Die Pflichtangaben im Überblick
Firmenname, Rechtsform, Vertretungsberechtigte – das sind die Grundpfeiler. Dann Adresse, Kontakt, Registereintrag, Umsatz-ID. Und nicht zu vergessen: die Aufsichtsbehörde, falls Ihre Tätigkeit reguliert ist.
Datenschutz trifft Impressum
Datenschutz ist nicht optional, er ist integraler Bestandteil. Ein Hinweis auf die Datenschutzerklärung muss handlungsfähig verlinkt sein, sonst gilt das Impressum als lückenhaft.
Linkintegration, die funktioniert
Einmalig muss ein Verweis auf die rechtlichen Details eingebettet werden, zum Beispiel über diese Quelle https://eishockeykombiwetten.com/legal-notice/. So bleibt das Dokument konsistent und vermeidet Duplicate Content.
Typische Fallen – und wie Sie sie umgehen
Zu lange Texte, verwirrende Struktur, fehlende Telefonnummer – das sind Stolpersteine. Halten Sie die Angaben knapp, präzise, leicht scanbar. Denken Sie an die Mobilansicht, wo jedes Pixel zählt.
Rechtsfolgen bei Verstößen
Ein fehlendes Impressum kann zu Abmahnungen führen, die dann mit Unterlassungsaufforderungen und Schadenersatzforderungen einhergehen. Und das kostet mehr Zeit und Geld als ein korrektes Dokument.
Aktualität ist Pflicht
Jedes Mal, wenn sich Ihre Geschäftsadresse ändert, muss das Impressum sofort angepasst werden. Gleiches gilt für neue Geschäftsführer oder geänderte Registereinträge. Ignorieren Sie das nicht.
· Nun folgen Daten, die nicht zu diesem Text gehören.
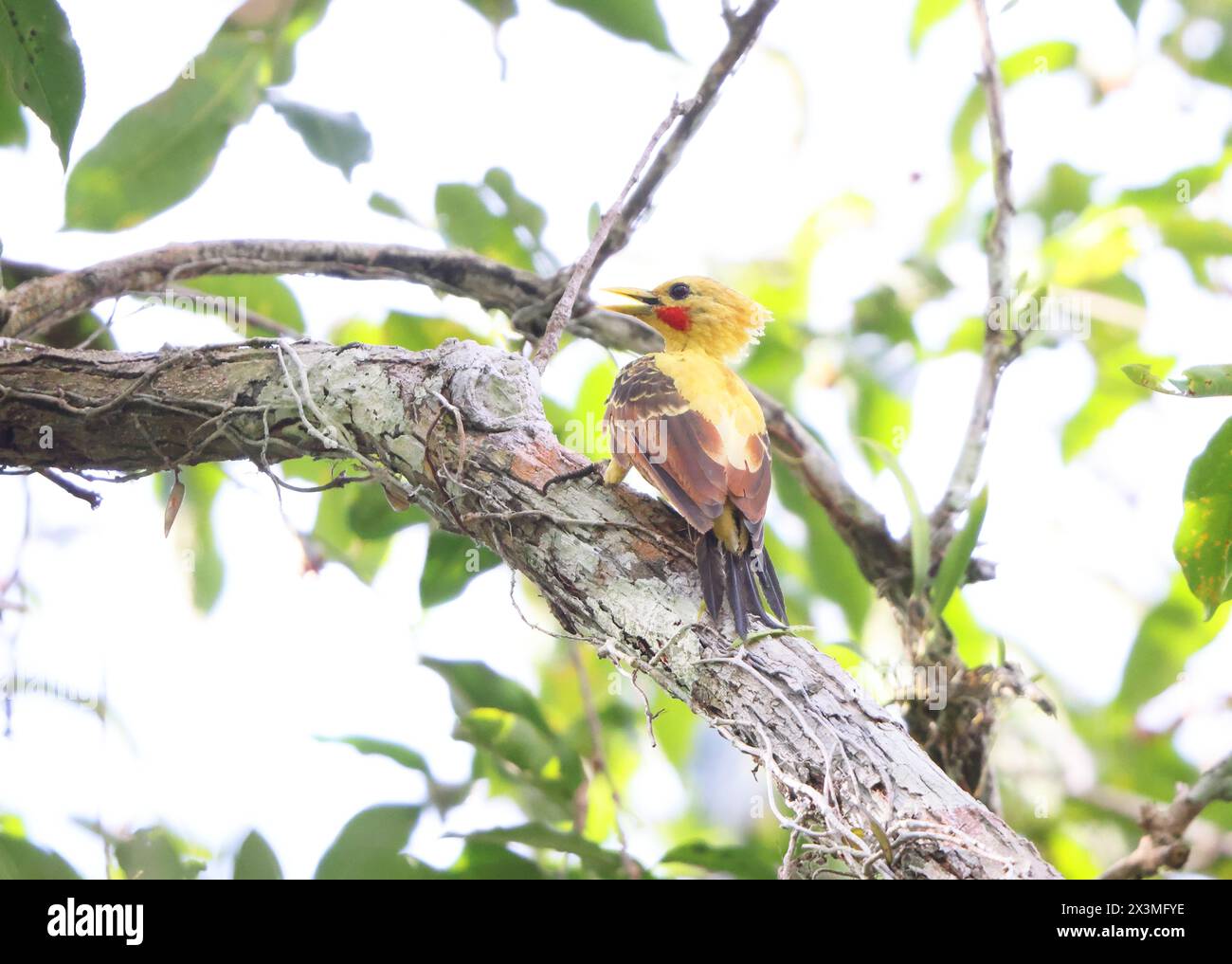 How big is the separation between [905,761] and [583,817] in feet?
6.99

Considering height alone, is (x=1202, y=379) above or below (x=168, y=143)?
below

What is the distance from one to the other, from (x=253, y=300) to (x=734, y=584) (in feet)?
8.73

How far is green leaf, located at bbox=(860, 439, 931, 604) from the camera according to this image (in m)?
3.65

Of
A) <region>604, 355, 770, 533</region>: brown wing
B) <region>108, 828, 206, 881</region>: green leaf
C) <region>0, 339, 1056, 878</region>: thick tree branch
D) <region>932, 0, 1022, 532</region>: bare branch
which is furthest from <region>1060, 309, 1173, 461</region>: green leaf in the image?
<region>108, 828, 206, 881</region>: green leaf

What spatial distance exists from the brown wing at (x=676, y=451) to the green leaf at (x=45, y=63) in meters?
1.69

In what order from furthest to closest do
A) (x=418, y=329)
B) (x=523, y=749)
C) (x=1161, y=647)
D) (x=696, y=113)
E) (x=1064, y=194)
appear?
(x=1064, y=194) → (x=1161, y=647) → (x=418, y=329) → (x=523, y=749) → (x=696, y=113)

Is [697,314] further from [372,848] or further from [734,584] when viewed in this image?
[372,848]

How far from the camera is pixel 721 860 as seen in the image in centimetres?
376


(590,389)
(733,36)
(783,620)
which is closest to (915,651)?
(783,620)

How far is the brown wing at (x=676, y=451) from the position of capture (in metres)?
2.93

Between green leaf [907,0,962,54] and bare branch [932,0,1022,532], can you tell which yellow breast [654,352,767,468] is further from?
green leaf [907,0,962,54]

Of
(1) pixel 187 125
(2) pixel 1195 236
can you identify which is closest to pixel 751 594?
(1) pixel 187 125

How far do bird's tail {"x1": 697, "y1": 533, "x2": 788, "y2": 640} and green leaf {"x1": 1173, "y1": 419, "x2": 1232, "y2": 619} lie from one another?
38.9 inches

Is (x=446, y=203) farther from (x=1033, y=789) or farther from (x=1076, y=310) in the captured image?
(x=1033, y=789) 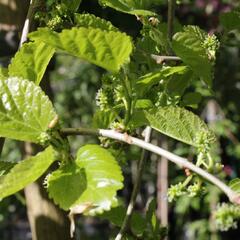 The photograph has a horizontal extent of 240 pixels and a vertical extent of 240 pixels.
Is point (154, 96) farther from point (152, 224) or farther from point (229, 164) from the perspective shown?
point (229, 164)

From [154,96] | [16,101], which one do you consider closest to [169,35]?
[154,96]

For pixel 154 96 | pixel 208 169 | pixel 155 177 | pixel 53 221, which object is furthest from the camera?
pixel 155 177

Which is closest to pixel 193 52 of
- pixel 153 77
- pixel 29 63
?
pixel 153 77

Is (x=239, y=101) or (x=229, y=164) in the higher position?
(x=239, y=101)

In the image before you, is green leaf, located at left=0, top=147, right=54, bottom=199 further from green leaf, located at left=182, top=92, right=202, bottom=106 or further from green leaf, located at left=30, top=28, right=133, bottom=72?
green leaf, located at left=182, top=92, right=202, bottom=106

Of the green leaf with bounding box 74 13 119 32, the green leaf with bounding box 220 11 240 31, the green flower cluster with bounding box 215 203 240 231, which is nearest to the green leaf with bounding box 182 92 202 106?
the green leaf with bounding box 220 11 240 31

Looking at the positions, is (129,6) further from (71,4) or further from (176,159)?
(176,159)
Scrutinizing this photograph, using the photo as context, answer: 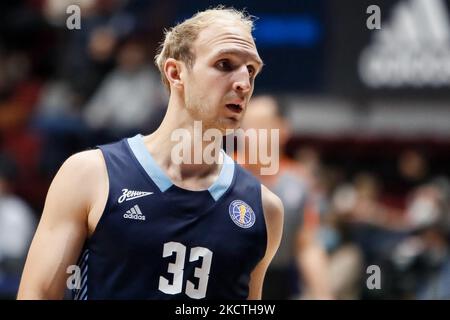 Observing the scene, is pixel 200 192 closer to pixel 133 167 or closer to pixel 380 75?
pixel 133 167

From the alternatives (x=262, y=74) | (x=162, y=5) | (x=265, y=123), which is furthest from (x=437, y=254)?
(x=162, y=5)

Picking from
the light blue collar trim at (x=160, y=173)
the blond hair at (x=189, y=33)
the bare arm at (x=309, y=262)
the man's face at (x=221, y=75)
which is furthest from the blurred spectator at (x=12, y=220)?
the man's face at (x=221, y=75)

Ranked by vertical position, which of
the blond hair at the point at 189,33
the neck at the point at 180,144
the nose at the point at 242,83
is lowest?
the neck at the point at 180,144

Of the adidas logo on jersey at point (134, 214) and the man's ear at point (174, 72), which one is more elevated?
the man's ear at point (174, 72)

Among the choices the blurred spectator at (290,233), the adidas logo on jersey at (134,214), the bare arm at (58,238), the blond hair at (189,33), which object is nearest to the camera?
the bare arm at (58,238)

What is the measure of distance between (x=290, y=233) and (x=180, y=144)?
3247 mm

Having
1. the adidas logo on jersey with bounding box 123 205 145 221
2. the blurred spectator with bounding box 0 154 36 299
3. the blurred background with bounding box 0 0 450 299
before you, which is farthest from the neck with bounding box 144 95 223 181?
the blurred background with bounding box 0 0 450 299

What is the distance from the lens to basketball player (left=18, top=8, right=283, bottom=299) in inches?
145

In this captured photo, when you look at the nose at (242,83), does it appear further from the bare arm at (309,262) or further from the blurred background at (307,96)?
the blurred background at (307,96)

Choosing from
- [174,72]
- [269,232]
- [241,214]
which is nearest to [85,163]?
[174,72]

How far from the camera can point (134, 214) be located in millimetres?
3768

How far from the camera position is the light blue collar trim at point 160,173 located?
3.90m

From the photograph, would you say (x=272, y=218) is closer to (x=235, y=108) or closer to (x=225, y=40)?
(x=235, y=108)

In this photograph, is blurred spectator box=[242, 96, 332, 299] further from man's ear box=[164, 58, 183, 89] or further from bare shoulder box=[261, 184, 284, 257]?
man's ear box=[164, 58, 183, 89]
Praktischer Tipp für die tägliche Kontrolle
Setzen Sie einen Reminder im Kalender: „Impressum prüfen”. Ein kurzer Check alle drei Monate verhindert böse Überraschungen.
Der letzte Schuss
Wenn Sie das Impressum heute noch nicht auf dem neuesten Stand haben, tun Sie es jetzt – sonst wartet die nächste Abmahnung.